How To: The Toast – That Other Proposal
A good wedding toast inspires laughter
or tears, but a great toast evokes both.
By Sandra Miller
From the simple civil ceremony to the ultra-swank shindig, the toast is an ever-present wedding tradition. But contrary to tradition, toasts are not just for the best man. As weddings become increasingly tailored to personal tastes, more women in bridal parties are asked to say a few words and then raise a glass to the newlyweds. While these toasts bring depth and character to the reception, they can also induce jitters in someone who balks at public speaking, particularly while wearing a strapless sateen dress and facing a hundred pairs of expectant eyes.
Not to worry! If you’ve been asked to make a toast at your friend’s wedding, there are ways to move past the terror and treat this as a chance to honor someone who obviously values your friendship and your words.
When making a wedding toast, all but one rule can be broken: Shorter is sweeter. Unless you have an excellent reason to hold the floor for more than a few minutes, don’t be greedy with the microphone.

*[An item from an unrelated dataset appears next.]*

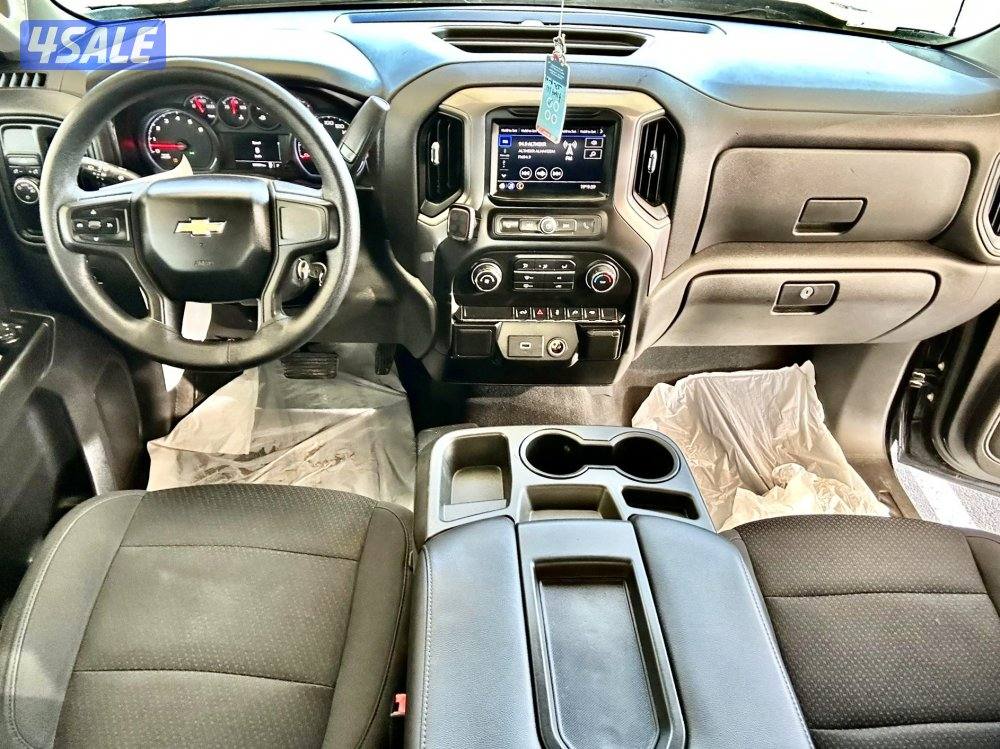 وانيت شيفرولية سيلفرادو - الموديل:2020 - العداد:18111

Oh, wait! There is one other unbreakable rule: Speak up! No toast at all is preferable to one where people are leaning across their salads asking each other, What did she say? When you’re wondering how loud to be, think of the bride’s 90-year-old Aunt Sally as your target audience. If you’re using a microphone, speak clearly and slowly in your normal voice. If you don’t have a microphone, try to project your voice. If you feel like you’re speaking a bit too loudly, you’re probably just right.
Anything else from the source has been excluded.